Their presence, he said, would only lead to "more spilt blood".
This month, international shipping law firm Ince and Co released a report highlighting the issues arising from the use of armed guards. It pointed out that a fundamental question arose as to who would authorise the use of force.
Stephen Askins, a lawyer with Ince, told the BBC News website that the debate on the use of armed guards was one that polarised the industry.
"Most industry bodies and ship-owners are against them," he said. "But no ship with an armed guard has been hijacked, so there are those - particularly those who have had hijacked ships - who think they are necessary."
He said private security companies had come into their own in places like Iraq and had seen seen the maritime sector as potentially lucrative.
"Many have moved across but there is no system of accreditation, so there is no way of knowing the good from the bad," he said.

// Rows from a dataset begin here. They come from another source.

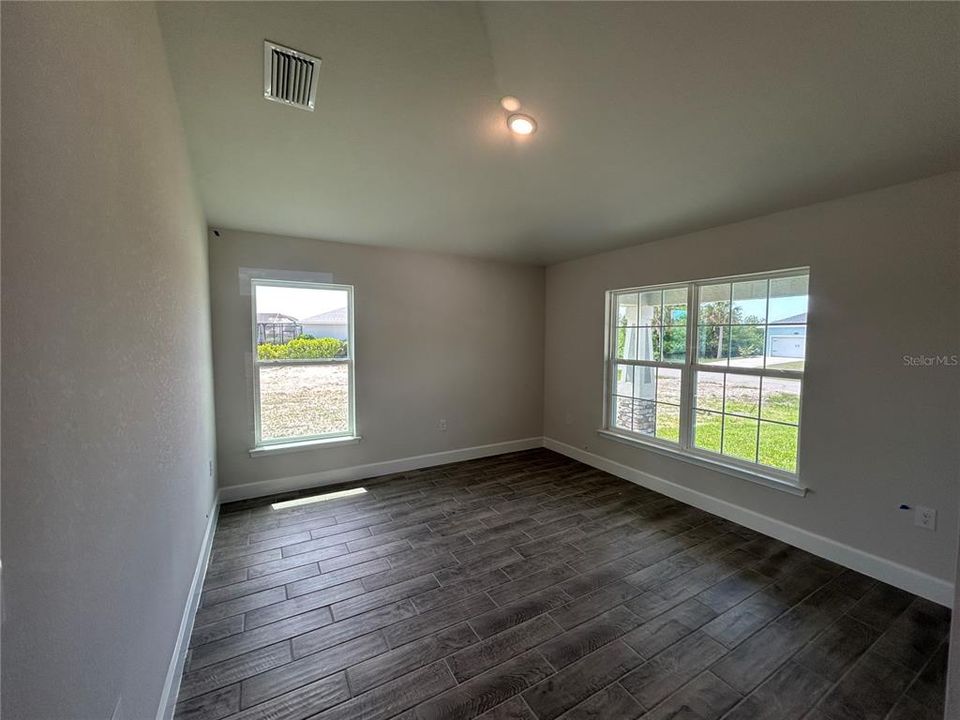 Под контрактом: $408,100 (4 спален, 3 ванн, 2265 Квадратных фут)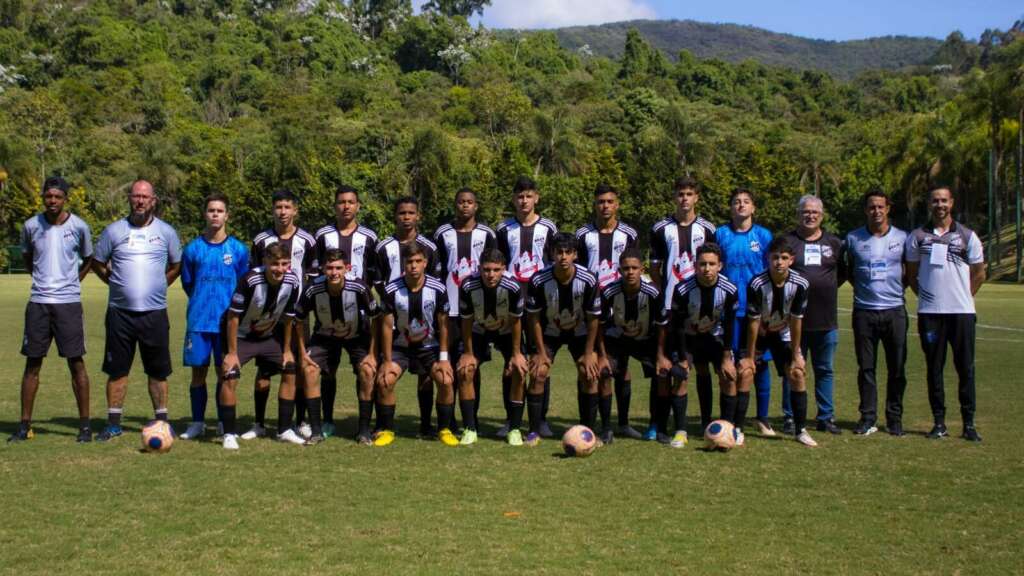 Há 15 jogos invicto, Independente luta por liderança e conta com artilheiro no Paulista Sub-15
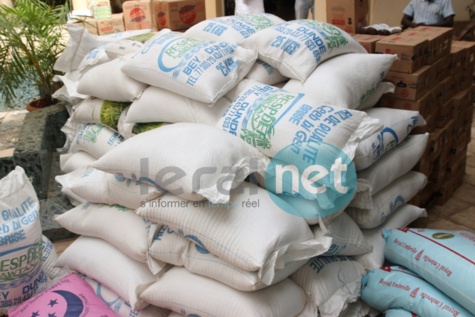 La remise de dons alimentaires et sanitaires au Centre "Guindy" en images
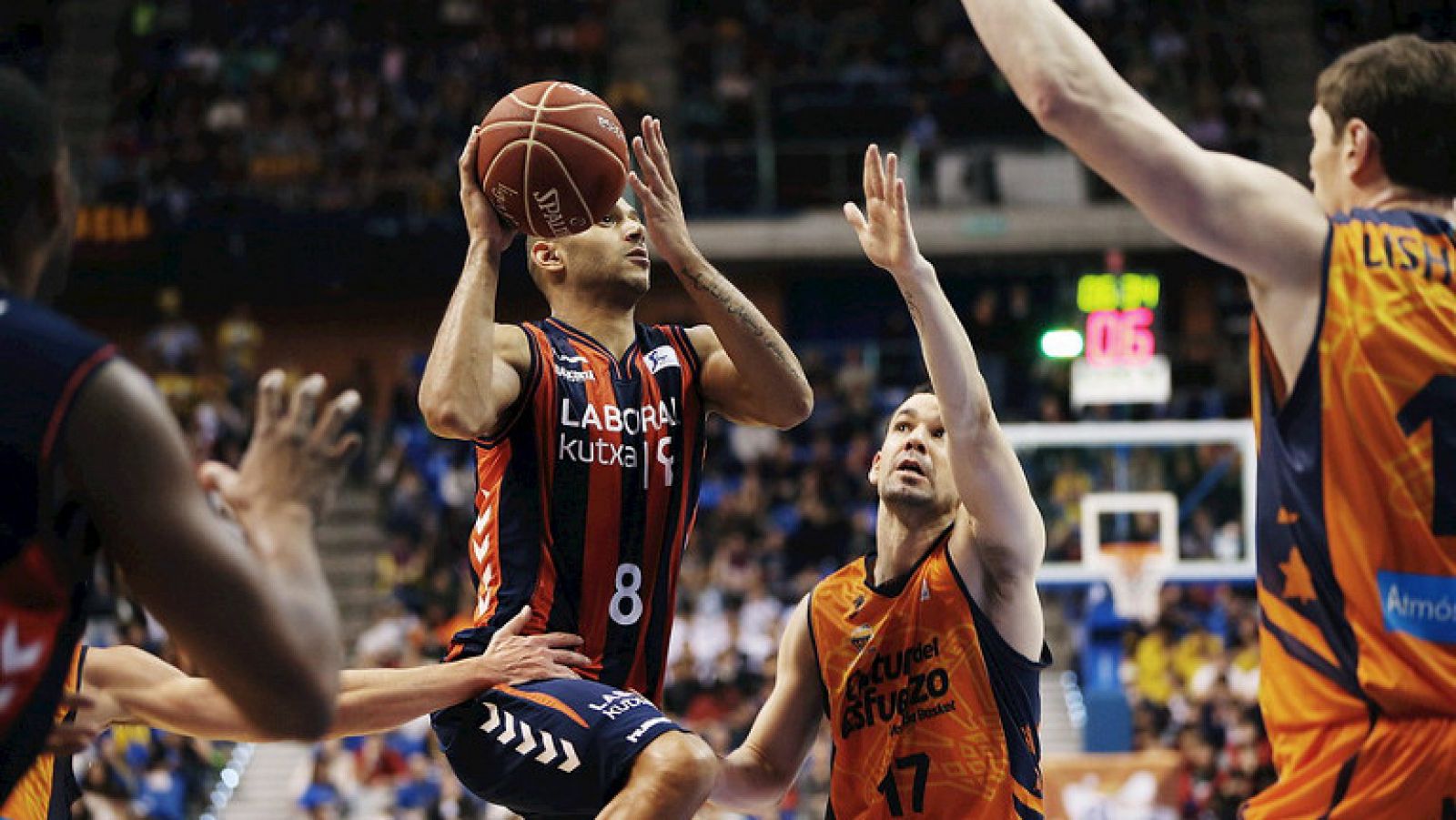 Baloncesto en RTVE: Valencia Basket - Laboral Kutxa | RTVE Play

Most security operatives are former British servicemen, but there are also operatives from the US, Australia, New Zealand and South Africa.

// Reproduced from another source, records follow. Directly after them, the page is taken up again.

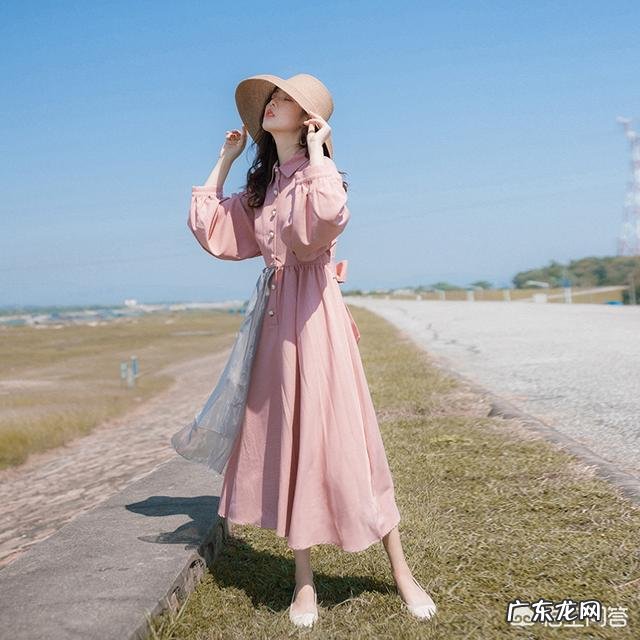 如何玩转连衣裙搭配?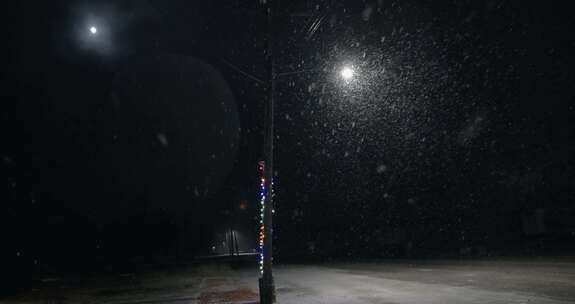 下雪的路灯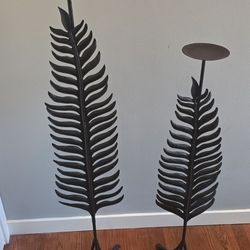 Set of 2 iron leaf candle holders 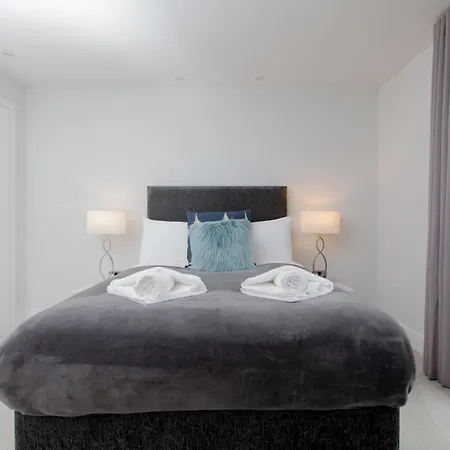 Luxurious - Sleeps 6 Apartmán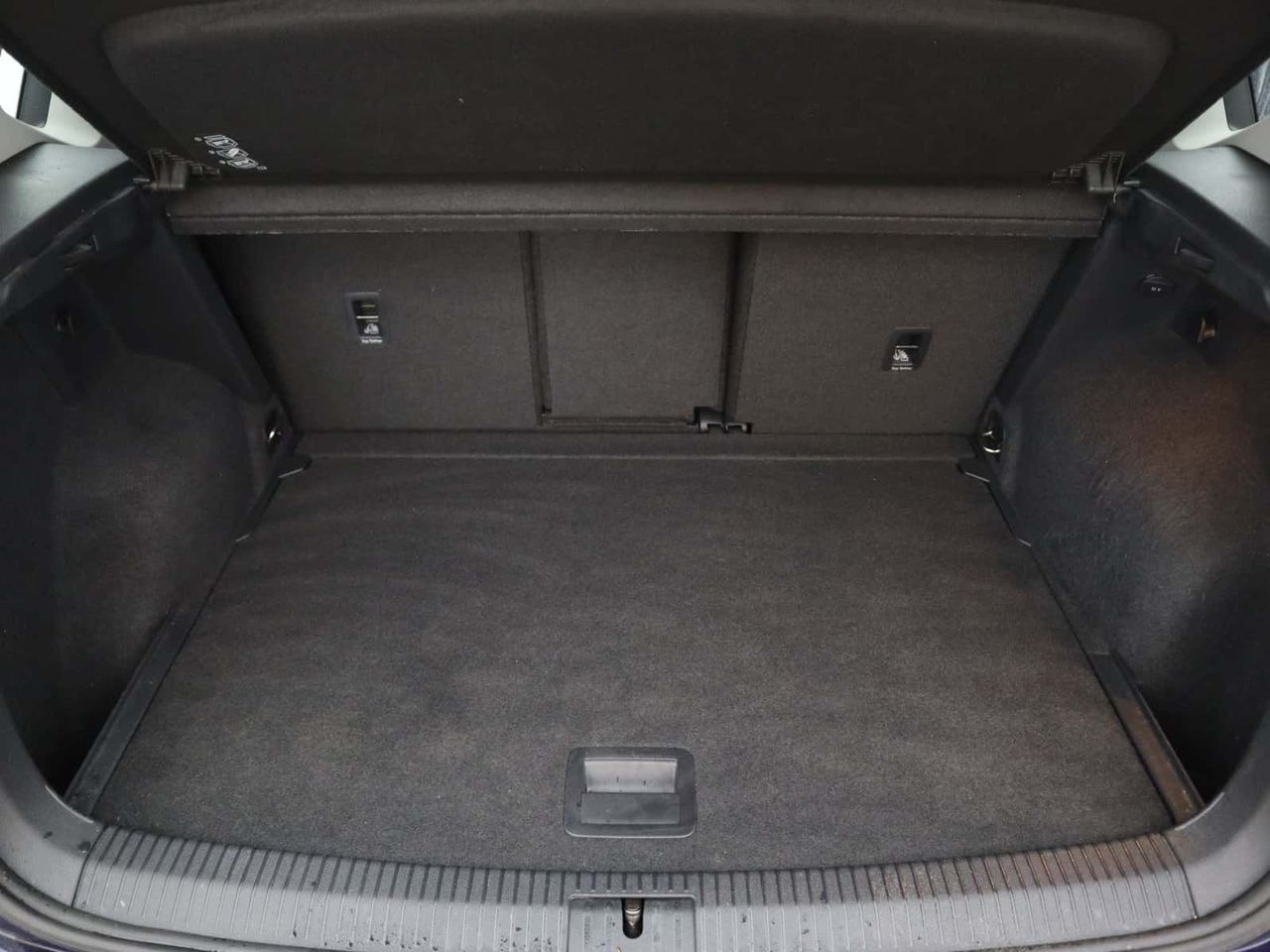 Volkswagen Golf SV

Mr Askins said some firms provided armed escort vessels, but that these did not have any status in international law.
"The various conventions dealing with piracy relate to states and their navies," he said. "The rights that they are given, like the right of innocent passage relate to military ships. There are also issues over the use of armed force. The relevant law is the law of the flag state, but a merchant ship could, for example, be Panamanian and the escort ship could be, say, UK flagged."

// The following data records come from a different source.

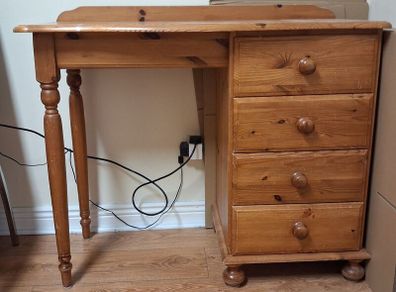 Kids desk - ideal for upcycle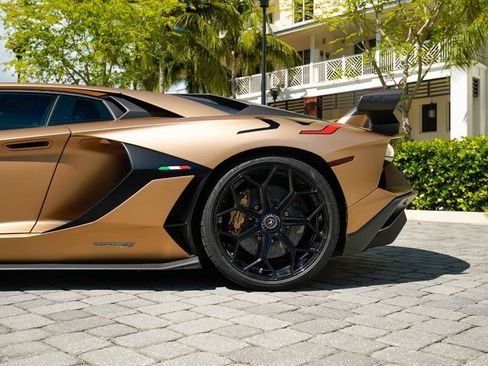 Used 2020 Lamborghini Aventador SVJ image 16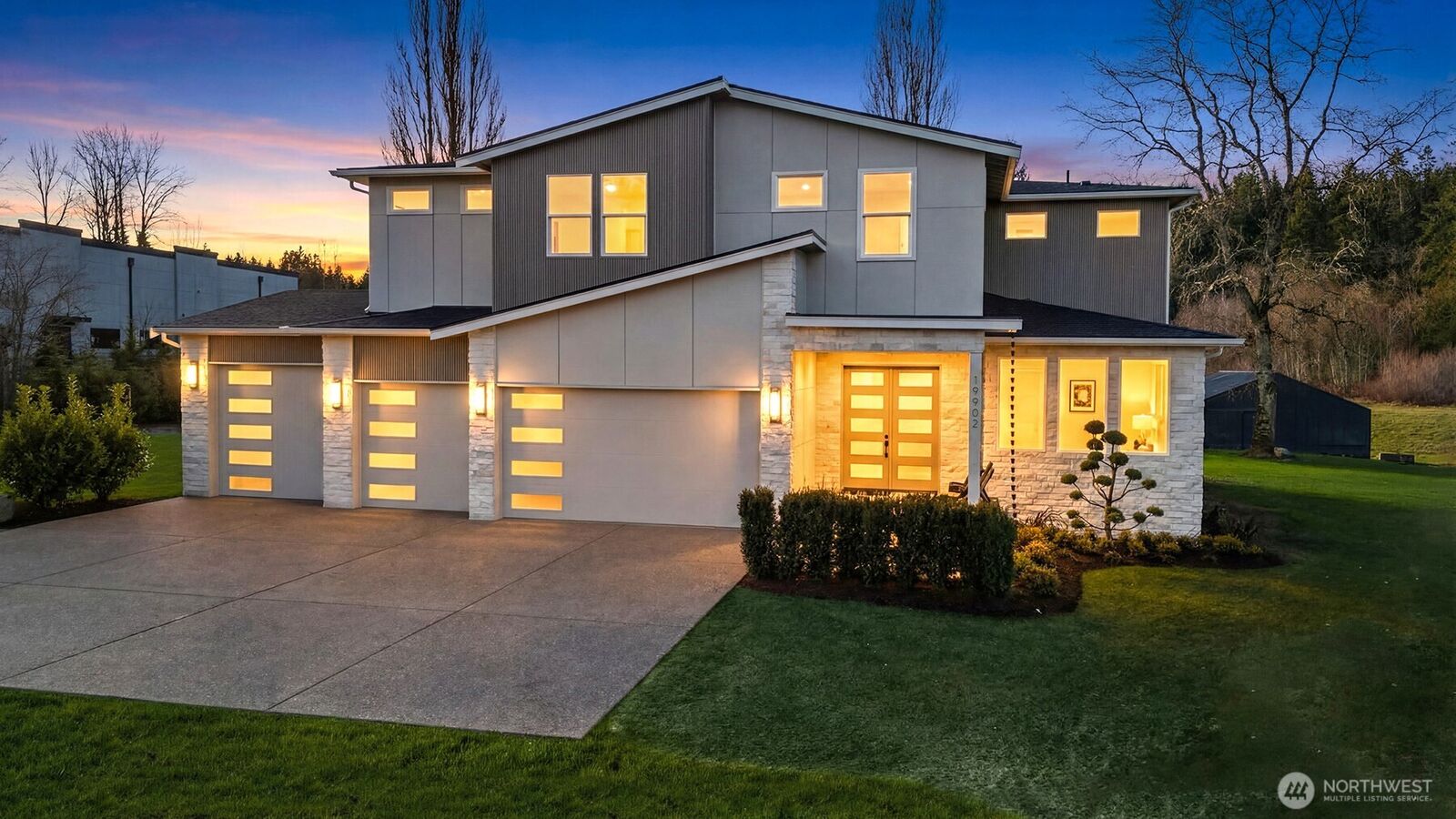 Property Photo:  19810  Broadway Avenue  WA 98296 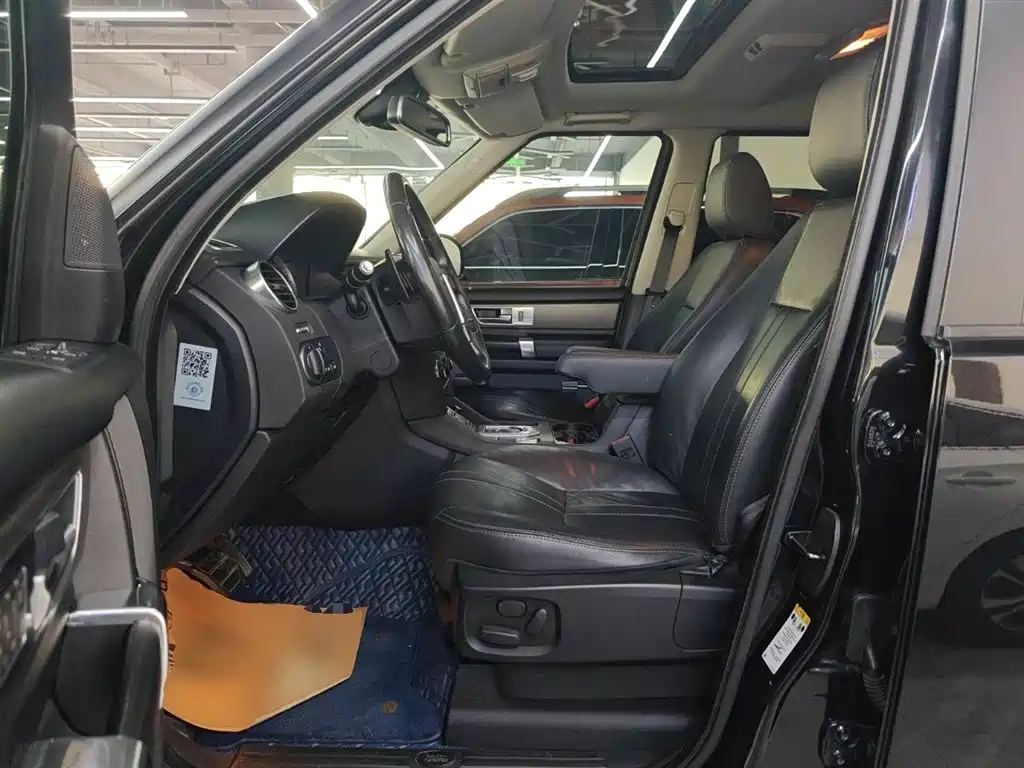 Land Rover Discovery 2016 — фото 15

But he also pointed out that there were some very good companies that had "robust rules of engagement".
"Lethal force for them would come after a series of steps including warning shots. The good companies would follow that procedure. Normally that would be enough to deter an attack."
In May 2009, the US Coast Guard drafted a maritime security directive that would require US-flagged ships sailing around the Horn of Africa to post guards, and ship owners to submit anti-piracy security plans for approval.
At the time, the Coast Guard's director of prevention policy, Rear Admiral James Watson, said that they expected to see "additional security" that could "involve the use of firearms".
He added that they were "looking for things that work but that don't make the situation worse".
The directive has not yet passed into law.
For now, the handling of Tuesday's shooting by a private security operative will be watched closely by legal experts.
An independent inquiry is planned, but first investigators will need to establish who had jurisdiction - the flag the vessel was flying, its owners or the nationality of the contractors - and who was responsible for the security contractors.